Reuters notes that a failure on the bill could mean a tantrum on Wall Street.

Trump gave an interview to Time magazine in which he stood by his claims of massive vote fraud and his wiretapping allegations and said: “I can’t be doing so badly, because I’m president, and you’re not.”

Another scoop from the AP: “U.S. Treasury Department agents have recently obtained information about offshore financial transactions involving President Donald Trump's former campaign chairman, Paul Manafort, as part of a federal anti-corruption probe into his work in Eastern Europe, The Associated Press has learned. Information about Manafort's transactions was turned over earlier this year to U.S. agents working in the Treasury Department's Financial Crimes Enforcement Network by investigators in Cyprus at the U.S. agency's request, a person familiar with the case said, speaking on condition of anonymity because the person was not authorized to publicly discuss a criminal investigation. The Cyprus attorney general, one of the country's top law enforcement officers, was made aware of the American request.”

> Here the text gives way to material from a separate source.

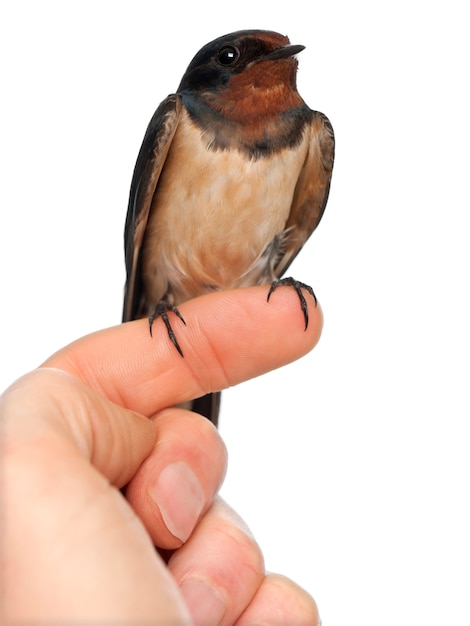 Barn Swallow, Hirundo rustica, perching against white space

Adam Schiff on Meet the Press Daily yesterday: “The top Democrat on the House Intelligence Committee claimed Wednesday evening that he has seen "more than circumstantial evidence" that associates of President Donald Trump colluded with Russia while the Kremlin attempted to interfere with the 2016 presidential election. Rep. Adam Schiff, D-Calif., the Ranking Member on the committee, was asked by Chuck Todd on "Meet The Press Daily" whether or not he only has a circumstantial case. ‘Actually no, Chuck,’ he said. ‘I can tell you that the case is more than that and I can't go into the particulars, but there is more than circumstantial evidence now.’”

What does it mean that Trump may have been ‘incidentally’ surveilled? Ken Dilanian explains.

Alex Seitz-Wald notes that John McCain called the behavior of the House Intelligence Committee chairs “bizarre.”

The New York Times reports on the rhetorical battle over the White House’s Nowruz greeting.

Andrew Rafferty sums up the third day of Neil Gorsuch’s hearings.